INPUT DATA START

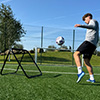 Ziland Elite One Football Rebound Net 1m x 1m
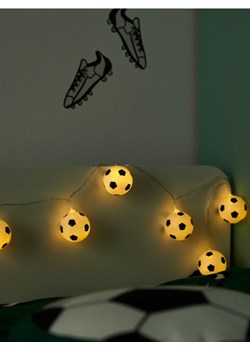 Sinsay - Lampki LED - czarny ze sklepu Sinsay w kategorii Lampy dziecięce - zdjęcie 178637155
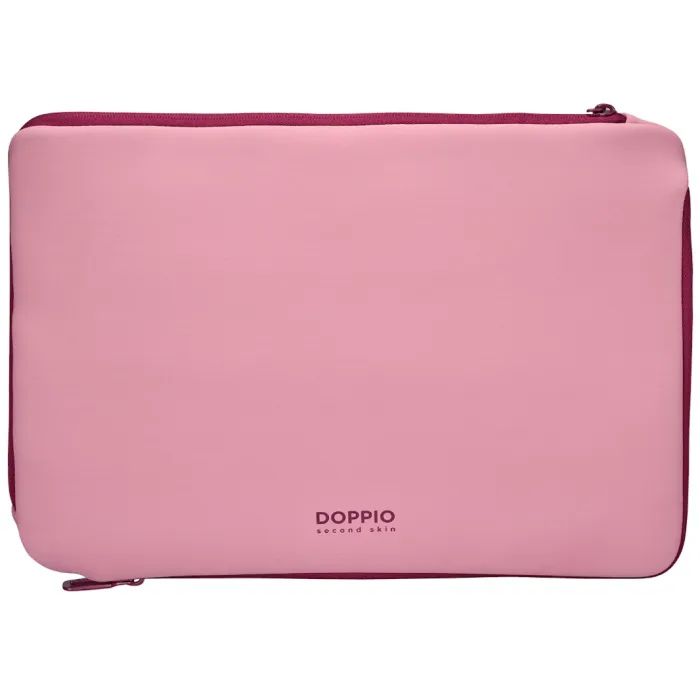 Чехол для ноутбука Tucano 12/13" Doppio, Black (BFDOP1213-BK) изображение 3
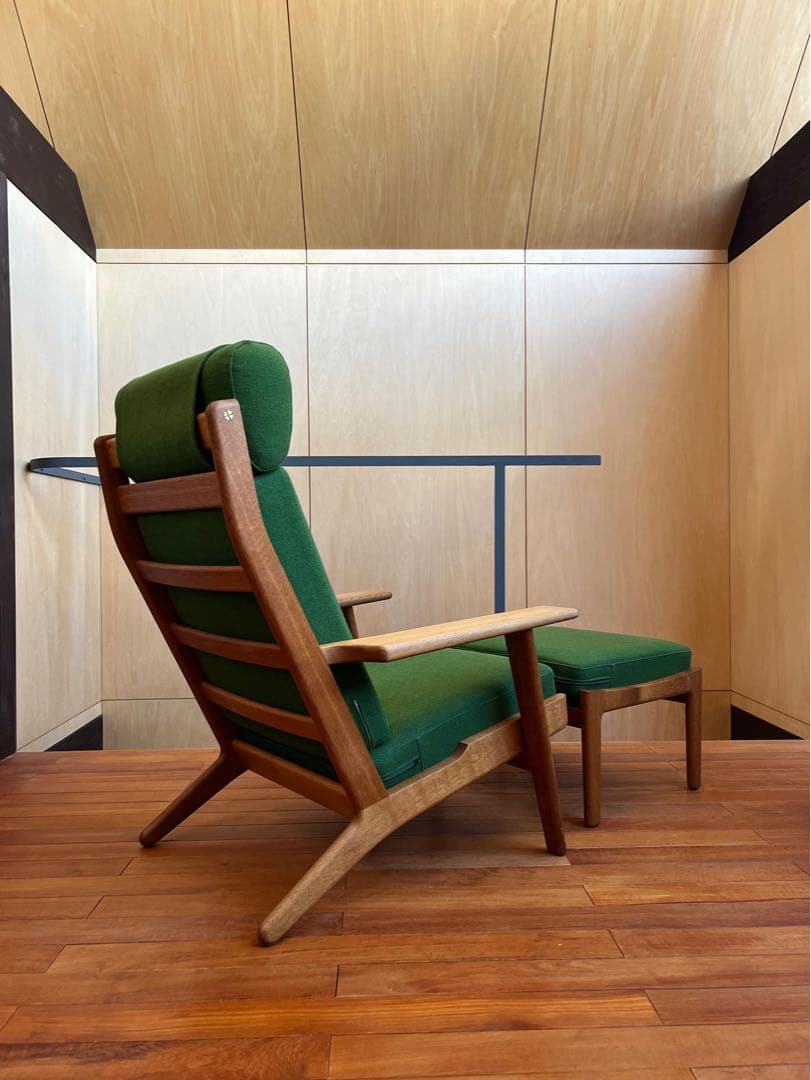 ハンス・J・ウェグナー Hans J. Wegner GE290A チェア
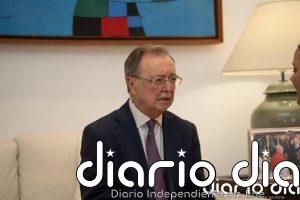 Vivas pide expulsar de inmediato a los migrantes que siguen en Ceuta y "blindar" la frontera con más medios europeos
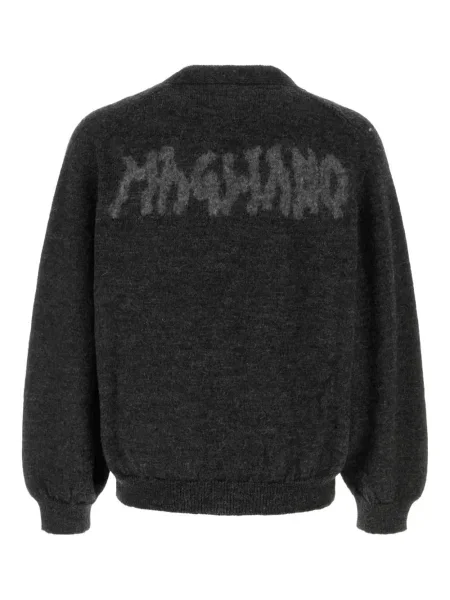 Cardigan Magliano de lână gri
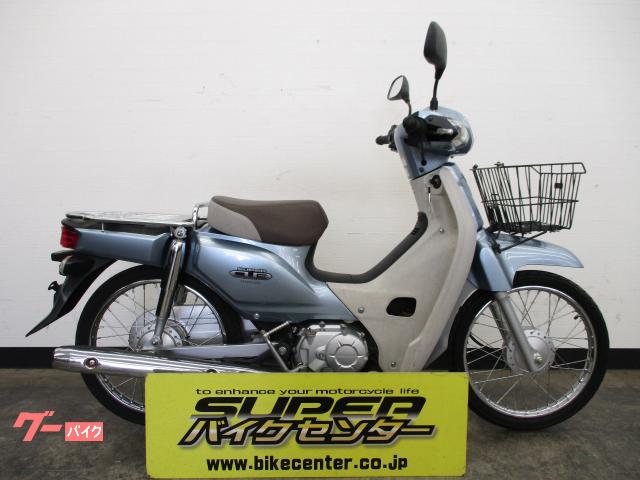 ホンダ スーパーカブ５０ ２０１２年モデル 水色 スーパーバイクセンター 千葉 新車 中古バイクなら グーバイク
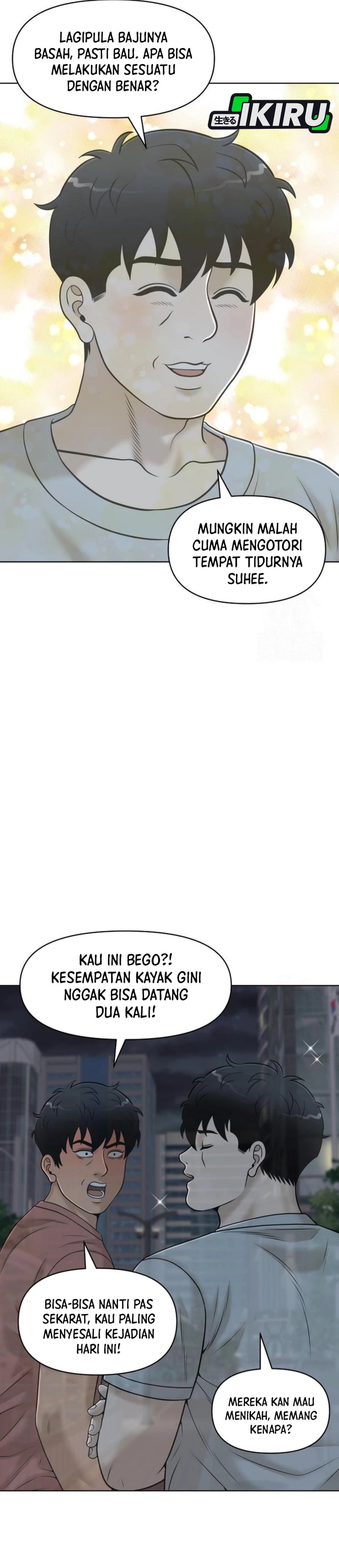 Around Forty chapter 52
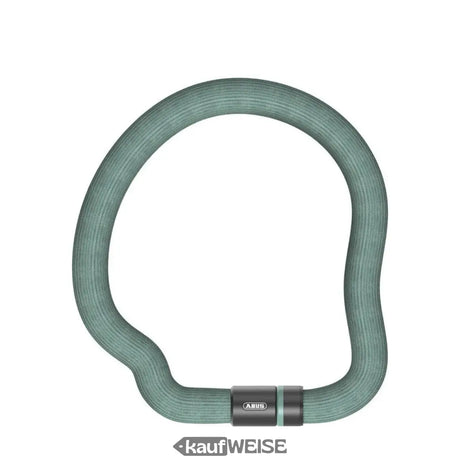 Lucchetto a catena ABUS Goose Lock 6206K/110 (110 cm) | Livello 7 | Dimensionalmente stabile e adatto alla verniciatura | Menta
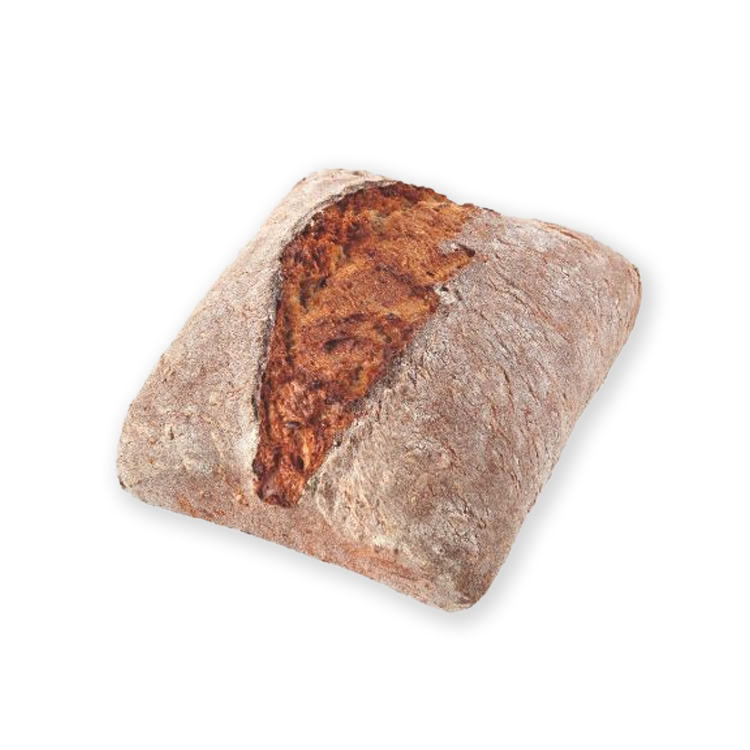 Pavé aux céréales amandes et noisettes 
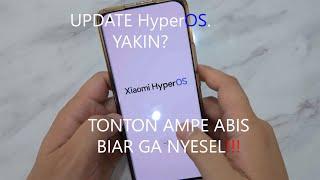 How to update HyperOS on Xiaomi mi 11 ultra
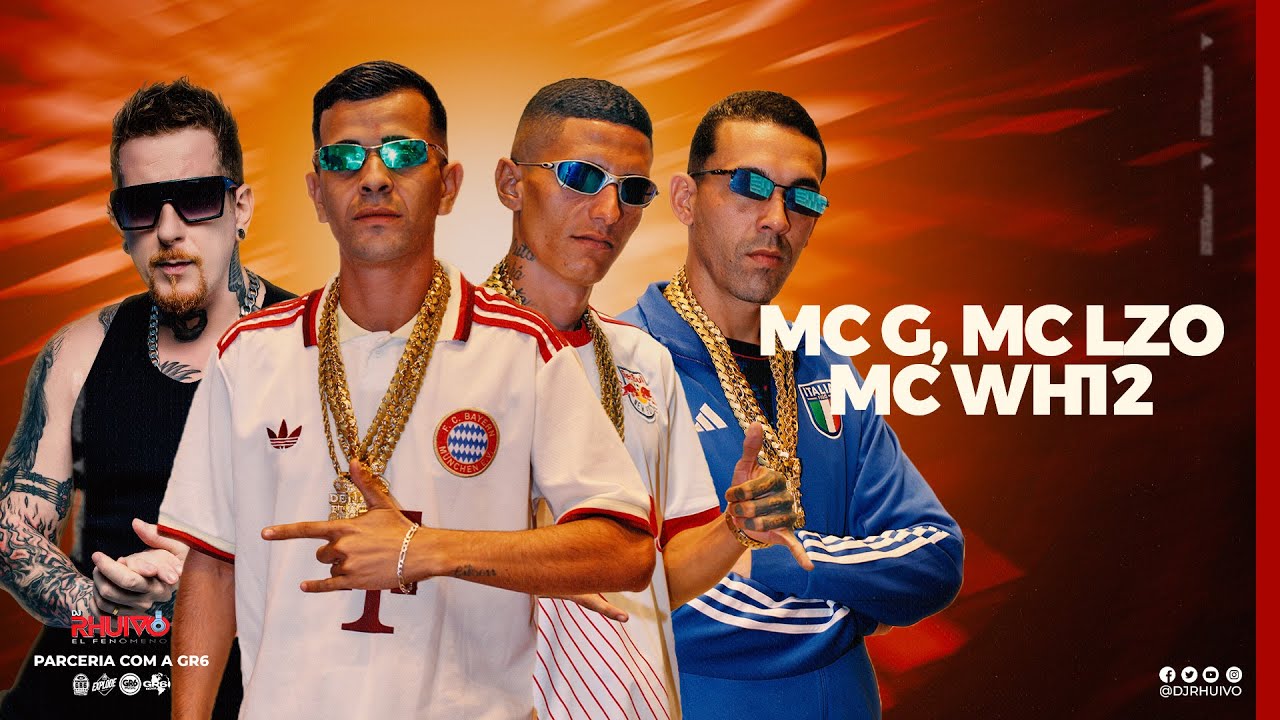 MCs LZO, MC G, E MC Wh12 - Set 1.0 (Prod. DJ Rhuivo)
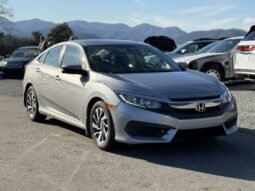 2016 Honda Civic Sedan 4dr CVT EX / 40K Miles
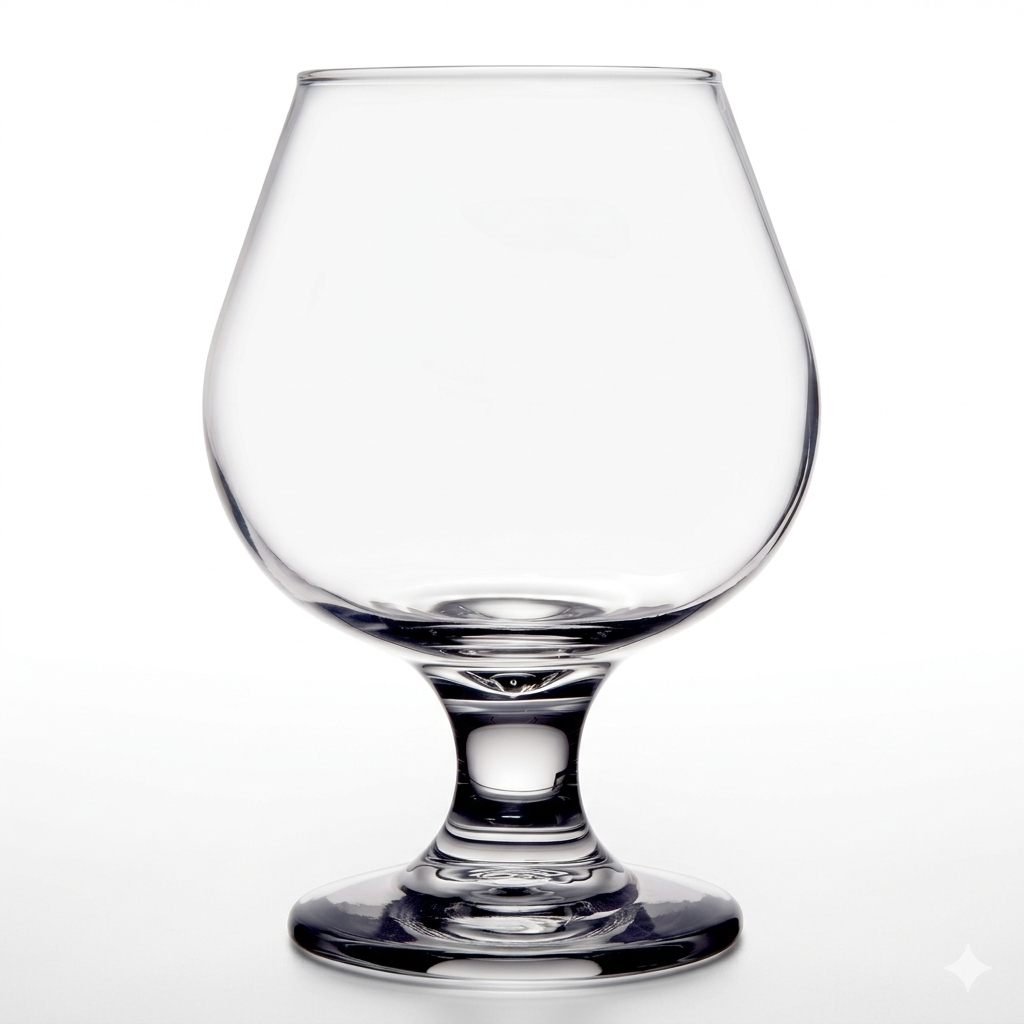 EMBASSY BRANDY GLASS 274ml, 9.25oz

INPUT DATA END

→ WORK REQUIRED
Only an exact copy of the records, free of images, belongs in the answer.

→ OUTPUT FOR THIS TASK
 Ziland Elite One Football Rebound Net 1m x 1m
 Sinsay - Lampki LED - czarny ze sklepu Sinsay w kategorii Lampy dziecięce - zdjęcie 178637155
 Чехол для ноутбука Tucano 12/13" Doppio, Black (BFDOP1213-BK) изображение 3
 ハンス・J・ウェグナー Hans J. Wegner GE290A チェア
 Vivas pide expulsar de inmediato a los migrantes que siguen en Ceuta y "blindar" la frontera con más medios europeos
 Cardigan Magliano de lână gri
 ホンダ スーパーカブ５０ ２０１２年モデル 水色 スーパーバイクセンター 千葉 新車 中古バイクなら グーバイク
 Around Forty chapter 52
 Lucchetto a catena ABUS Goose Lock 6206K/110 (110 cm) | Livello 7 | Dimensionalmente stabile e adatto alla verniciatura | Menta
 Pavé aux céréales amandes et noisettes 
 How to update HyperOS on Xiaomi mi 11 ultra
 MCs LZO, MC G, E MC Wh12 - Set 1.0 (Prod. DJ Rhuivo)
 2016 Honda Civic Sedan 4dr CVT EX / 40K Miles
 EMBASSY BRANDY GLASS 274ml, 9.25oz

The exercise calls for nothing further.